§ **What is being asked**
Reproduce exactly the span of lines beginning at the one with "6-Pairs Nitrile Work" and ending at the last line of the data below, omitting pictures.

----- The data

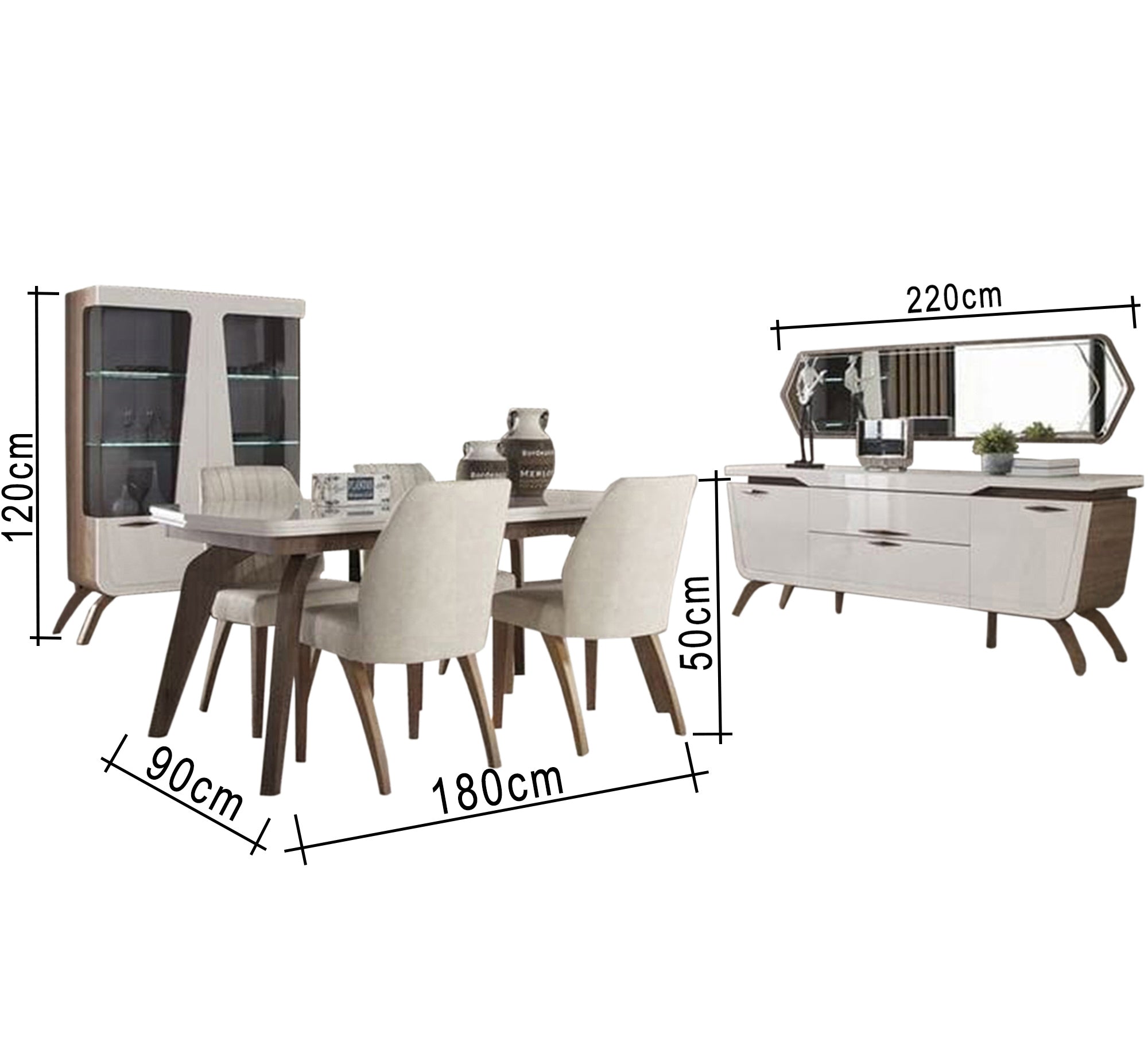 Bright white dining room - Vitrine Furniture - Sets
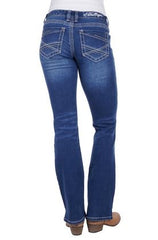 Bullzye Womens Dahlia Boot Cut Jean - Blue Wash [Siz:11-34]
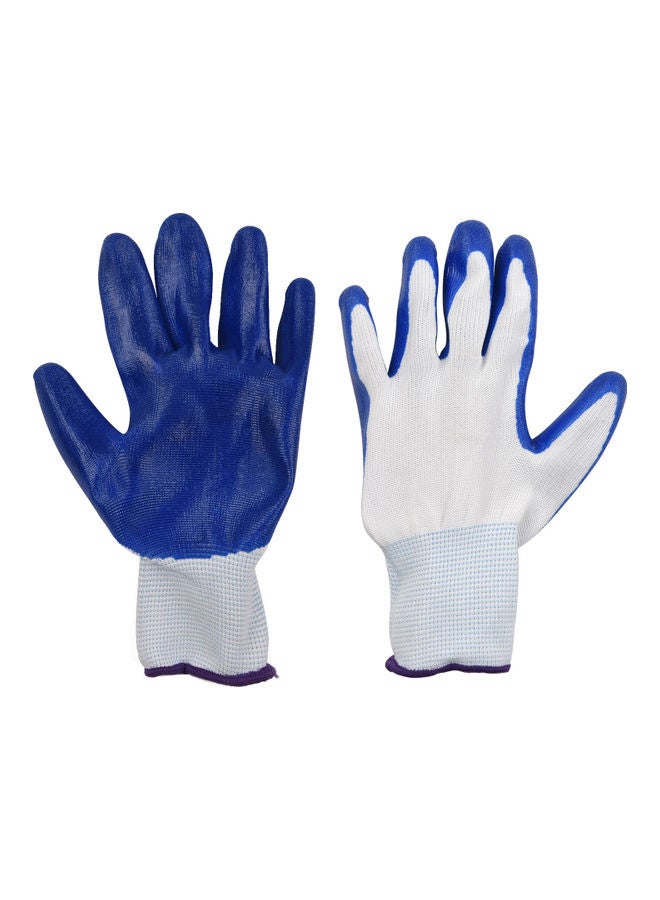 6-Pairs Nitrile Work Gloves Blue 100x60x100cm - Image 2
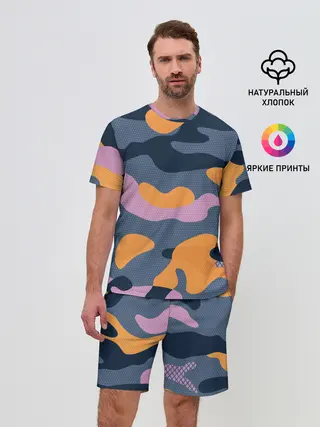 Мужской костюм с шортами / Спортивный милитари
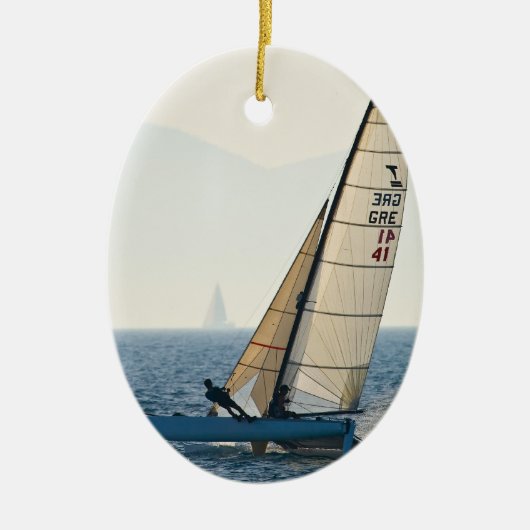 Racing Sailboat Ornament (Voorkant)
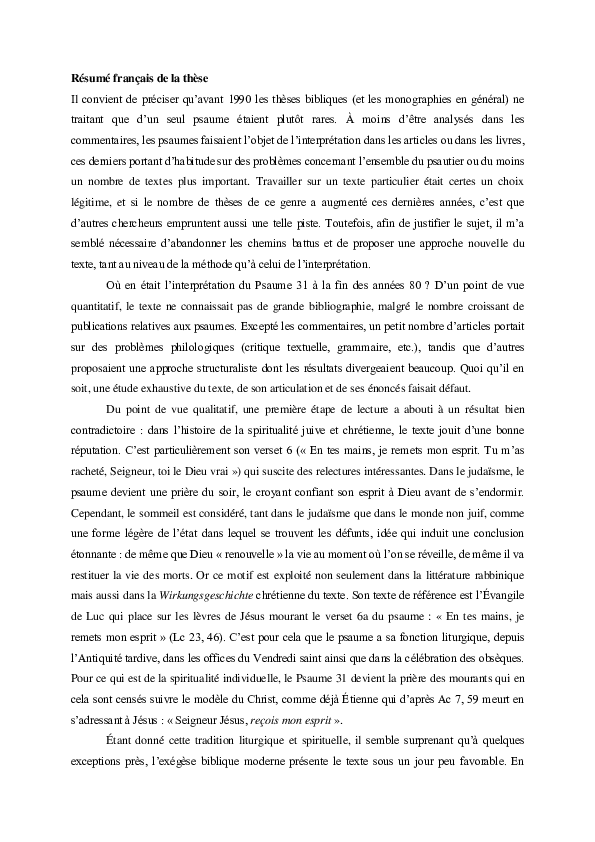 First page of “E. Bons, Psalm 31-Rettung als Paradigma: Eine synchron-leserorientierte Analyse (Frankfurter Theologische Studien 48), Frankfurt: Knecht, 1994, 308 pp.”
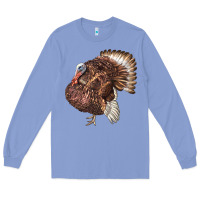 Colony Blue Bourbon Red Turkey Long Sleeve Tee - LillyAllenDesigns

----------

§ **Final answer**
 6-Pairs Nitrile Work Gloves Blue 100x60x100cm - Image 2
 Мужской костюм с шортами / Спортивный милитари
 Racing Sailboat Ornament (Voorkant)
 First page of “E. Bons, Psalm 31-Rettung als Paradigma: Eine synchron-leserorientierte Analyse (Frankfurter Theologische Studien 48), Frankfurt: Knecht, 1994, 308 pp.”
 Colony Blue Bourbon Red Turkey Long Sleeve Tee - LillyAllenDesigns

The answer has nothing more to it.